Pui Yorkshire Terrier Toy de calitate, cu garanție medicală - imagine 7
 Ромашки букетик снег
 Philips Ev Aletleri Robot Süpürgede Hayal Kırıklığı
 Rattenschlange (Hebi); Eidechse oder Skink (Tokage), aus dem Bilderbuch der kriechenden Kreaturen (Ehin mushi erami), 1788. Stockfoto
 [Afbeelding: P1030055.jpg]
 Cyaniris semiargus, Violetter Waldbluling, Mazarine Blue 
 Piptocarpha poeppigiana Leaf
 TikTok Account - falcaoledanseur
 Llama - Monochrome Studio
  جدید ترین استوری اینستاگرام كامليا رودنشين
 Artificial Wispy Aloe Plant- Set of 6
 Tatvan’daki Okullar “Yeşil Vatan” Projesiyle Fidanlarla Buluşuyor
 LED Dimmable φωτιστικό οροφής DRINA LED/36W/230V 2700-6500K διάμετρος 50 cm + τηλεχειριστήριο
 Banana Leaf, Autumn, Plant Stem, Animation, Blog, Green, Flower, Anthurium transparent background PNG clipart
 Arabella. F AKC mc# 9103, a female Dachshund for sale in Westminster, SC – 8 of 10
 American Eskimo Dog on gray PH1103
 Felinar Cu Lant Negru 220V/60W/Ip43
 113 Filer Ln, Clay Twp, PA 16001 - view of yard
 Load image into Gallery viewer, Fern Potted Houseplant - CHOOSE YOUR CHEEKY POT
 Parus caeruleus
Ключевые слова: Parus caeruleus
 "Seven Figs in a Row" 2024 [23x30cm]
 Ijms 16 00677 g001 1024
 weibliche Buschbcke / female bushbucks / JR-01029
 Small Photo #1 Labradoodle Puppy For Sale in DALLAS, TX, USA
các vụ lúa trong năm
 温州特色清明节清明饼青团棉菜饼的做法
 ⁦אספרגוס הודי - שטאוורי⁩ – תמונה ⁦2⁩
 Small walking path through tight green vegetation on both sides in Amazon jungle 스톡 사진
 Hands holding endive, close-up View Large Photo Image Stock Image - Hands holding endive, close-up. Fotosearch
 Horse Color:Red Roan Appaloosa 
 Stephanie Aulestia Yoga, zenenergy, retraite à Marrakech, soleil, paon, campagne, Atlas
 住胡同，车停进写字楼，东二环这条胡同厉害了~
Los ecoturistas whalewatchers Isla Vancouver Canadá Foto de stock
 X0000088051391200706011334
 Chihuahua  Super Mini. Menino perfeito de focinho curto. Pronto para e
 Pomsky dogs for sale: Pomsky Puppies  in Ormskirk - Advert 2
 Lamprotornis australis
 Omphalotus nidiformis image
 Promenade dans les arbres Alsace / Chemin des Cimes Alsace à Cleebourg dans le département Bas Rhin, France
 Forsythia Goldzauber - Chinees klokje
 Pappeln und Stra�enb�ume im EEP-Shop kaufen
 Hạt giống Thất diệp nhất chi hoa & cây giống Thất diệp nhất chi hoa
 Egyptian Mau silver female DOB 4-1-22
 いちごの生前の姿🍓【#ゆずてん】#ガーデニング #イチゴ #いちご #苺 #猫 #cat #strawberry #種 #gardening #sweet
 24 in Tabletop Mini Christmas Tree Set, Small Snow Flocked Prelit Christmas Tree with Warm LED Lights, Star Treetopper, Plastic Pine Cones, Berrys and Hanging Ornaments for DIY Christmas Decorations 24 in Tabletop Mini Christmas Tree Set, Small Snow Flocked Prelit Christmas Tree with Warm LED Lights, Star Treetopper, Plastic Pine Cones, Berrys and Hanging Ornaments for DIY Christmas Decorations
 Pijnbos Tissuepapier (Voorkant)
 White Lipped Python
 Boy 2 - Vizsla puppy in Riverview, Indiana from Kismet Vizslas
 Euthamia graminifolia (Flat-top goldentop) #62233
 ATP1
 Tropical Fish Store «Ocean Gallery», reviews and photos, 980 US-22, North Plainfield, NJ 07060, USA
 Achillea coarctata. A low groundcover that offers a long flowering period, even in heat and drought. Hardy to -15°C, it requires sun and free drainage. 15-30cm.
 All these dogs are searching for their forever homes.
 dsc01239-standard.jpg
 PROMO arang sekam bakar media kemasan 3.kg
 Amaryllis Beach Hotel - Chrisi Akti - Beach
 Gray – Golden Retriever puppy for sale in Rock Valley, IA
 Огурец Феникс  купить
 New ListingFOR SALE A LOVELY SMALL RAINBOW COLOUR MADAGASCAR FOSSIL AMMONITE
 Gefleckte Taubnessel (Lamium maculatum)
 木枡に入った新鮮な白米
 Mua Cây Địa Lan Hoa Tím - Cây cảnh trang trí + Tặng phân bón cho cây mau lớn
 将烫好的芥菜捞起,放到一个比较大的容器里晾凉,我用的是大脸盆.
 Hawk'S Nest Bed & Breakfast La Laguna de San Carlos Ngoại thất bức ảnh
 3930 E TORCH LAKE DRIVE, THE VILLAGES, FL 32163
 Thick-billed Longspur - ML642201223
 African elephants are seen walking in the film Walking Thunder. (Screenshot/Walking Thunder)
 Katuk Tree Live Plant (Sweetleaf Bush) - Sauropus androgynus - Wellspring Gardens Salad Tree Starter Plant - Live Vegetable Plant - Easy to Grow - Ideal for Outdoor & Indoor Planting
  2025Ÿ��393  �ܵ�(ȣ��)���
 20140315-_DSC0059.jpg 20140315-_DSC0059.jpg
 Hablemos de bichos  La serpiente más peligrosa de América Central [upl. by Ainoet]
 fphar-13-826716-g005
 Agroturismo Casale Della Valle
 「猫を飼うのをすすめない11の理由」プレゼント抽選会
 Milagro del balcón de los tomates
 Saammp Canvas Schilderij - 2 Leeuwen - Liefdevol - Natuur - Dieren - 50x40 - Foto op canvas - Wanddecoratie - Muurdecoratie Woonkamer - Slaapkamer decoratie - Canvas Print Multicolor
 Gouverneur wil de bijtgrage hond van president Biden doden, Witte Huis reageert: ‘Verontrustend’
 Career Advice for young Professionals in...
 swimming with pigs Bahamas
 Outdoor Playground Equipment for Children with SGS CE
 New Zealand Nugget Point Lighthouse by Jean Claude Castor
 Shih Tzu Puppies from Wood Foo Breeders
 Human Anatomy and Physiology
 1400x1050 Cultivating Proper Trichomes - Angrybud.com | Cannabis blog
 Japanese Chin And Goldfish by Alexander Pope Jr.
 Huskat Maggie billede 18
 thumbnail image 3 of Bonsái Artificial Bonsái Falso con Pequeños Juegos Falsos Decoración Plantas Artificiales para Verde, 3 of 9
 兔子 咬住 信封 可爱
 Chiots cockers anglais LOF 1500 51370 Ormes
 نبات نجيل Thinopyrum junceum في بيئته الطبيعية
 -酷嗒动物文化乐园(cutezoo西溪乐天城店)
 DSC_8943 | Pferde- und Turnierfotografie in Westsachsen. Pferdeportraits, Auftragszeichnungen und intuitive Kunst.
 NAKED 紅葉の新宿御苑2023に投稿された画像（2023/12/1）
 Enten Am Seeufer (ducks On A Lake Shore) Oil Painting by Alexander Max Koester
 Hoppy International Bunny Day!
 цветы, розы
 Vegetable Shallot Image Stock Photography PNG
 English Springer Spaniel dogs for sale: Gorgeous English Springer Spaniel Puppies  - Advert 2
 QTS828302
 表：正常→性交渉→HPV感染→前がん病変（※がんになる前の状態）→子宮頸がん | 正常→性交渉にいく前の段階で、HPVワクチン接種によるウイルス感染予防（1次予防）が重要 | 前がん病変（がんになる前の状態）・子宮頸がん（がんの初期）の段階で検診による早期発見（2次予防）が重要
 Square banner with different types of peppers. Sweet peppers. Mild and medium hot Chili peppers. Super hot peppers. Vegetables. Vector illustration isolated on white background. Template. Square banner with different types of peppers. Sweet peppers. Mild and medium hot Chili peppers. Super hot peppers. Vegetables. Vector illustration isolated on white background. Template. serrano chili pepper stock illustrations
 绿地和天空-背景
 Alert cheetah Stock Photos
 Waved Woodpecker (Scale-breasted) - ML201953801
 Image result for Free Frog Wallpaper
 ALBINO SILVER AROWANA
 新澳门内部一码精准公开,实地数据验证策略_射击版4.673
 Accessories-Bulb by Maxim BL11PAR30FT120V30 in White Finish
----
* WORK INSTRUCTION
Each line of the material that has the word "Super" belongs in the answer.

* EXPECTED OUTPUT
 Chihuahua  Super Mini. Menino perfeito de focinho curto. Pronto para e
 Square banner with different types of peppers. Sweet peppers. Mild and medium hot Chili peppers. Super hot peppers. Vegetables. Vector illustration isolated on white background. Template. Square banner with different types of peppers. Sweet peppers. Mild and medium hot Chili peppers. Super hot peppers. Vegetables. Vector illustration isolated on white background. Template. serrano chili pepper stock illustrations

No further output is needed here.